For instance, as soon as he assumed control of Twitter, he dismissed the CEO of Twitter due to the fact that the firm was losing $4 million per day. Since that time, the media has had nothing but contempt for him, but he is well aware that he is operating a business and not a popularity contest.
- Prioritizing assurance above understanding:
Musk does not use consensus as a management strategy for his firms. He elucidates and conveys his vision to them, then gives them instructions on how to carry out the assignment. He is not interested in obtaining assurance, yet his words are crystal clear.
Musk would rather be straightforward than smart. Although it has room for improvement, his strategy is more productive than sitting on the bench for many days before deciding what color shirt to wear than any other alternative. He will make judgments, and if they turn out to be incorrect, he will pivot at a later time.

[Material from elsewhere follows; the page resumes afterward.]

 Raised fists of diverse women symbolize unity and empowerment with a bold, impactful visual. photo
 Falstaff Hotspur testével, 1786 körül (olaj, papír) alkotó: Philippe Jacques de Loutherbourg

- Prioritizing peace and tranquility above fruitful conflict:
The tendency to seek harmony is hardwired into the human psyche, yet it may be detrimental to sound decision-making. Good judgments involve some healthy disagreement and the ruffling of some feathers, but most CEOs want their employees to get along with each other and be in agreement with each other.
Musk considers disagreements to be an indication of progress, but he is also aware that his staff must carry out his decisions once he has made them.

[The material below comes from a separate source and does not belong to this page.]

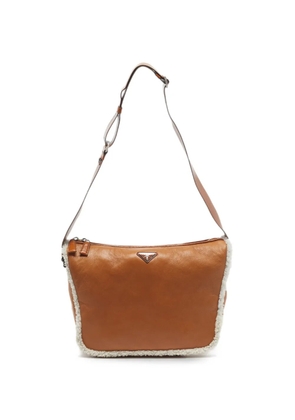 Prada Pre-Owned shearling-trim shoulder bag - Brown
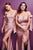 Cinderella Divine - CD943 Off-Shoulder High-Slit Fitted Evening Dress Bridesmaid Dresses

- Putting a premium on invulnerability rather than trust:
Even if it doesn’t appear like Musk is susceptible, but can be. The best chief executive officers have no problem owning up to their mistakes. They are aware that showing vulnerability is essential to building trust.
When Elon Musk took over Twitter, he immediately began making several errors, all of which he later confessed. He said, “In the beginning, I made a lot more mistakes since I’m new to this. In the future, I believe there will be fewer blunders made by us.”
You are making Musk out to be a far more villainous character than he is.
Musk is not a model of effective leadership, but he is also not the scourge of the earth that you make him out to be. People have a negative opinion of him because they are unable to comprehend the mentality that motivates him. You can also find him annoying because he serves as a constant reminder of how influential you are capable of becoming if you give yourself completely to the pursuit of your goals.
It is difficult to be a person who masters the art of producing results, holding people responsible, speaking clearly, cultivating healthy conflicts, and choosing to be vulnerable on a daily basis. Therefore, you need to stop criticizing Musk and give him the benefit of the doubt.
I am obligated to recognize that his unquenchable desire is both the most potent strength and the worst vulnerability he has. It was his drive and desire that made him the most successful man of the last one hundred years, but those same qualities may work against him over the next one hundred months. I know I’m not the only one who has had that thought. There is widespread skepticism over his capacity to successfully manage many businesses at the same time.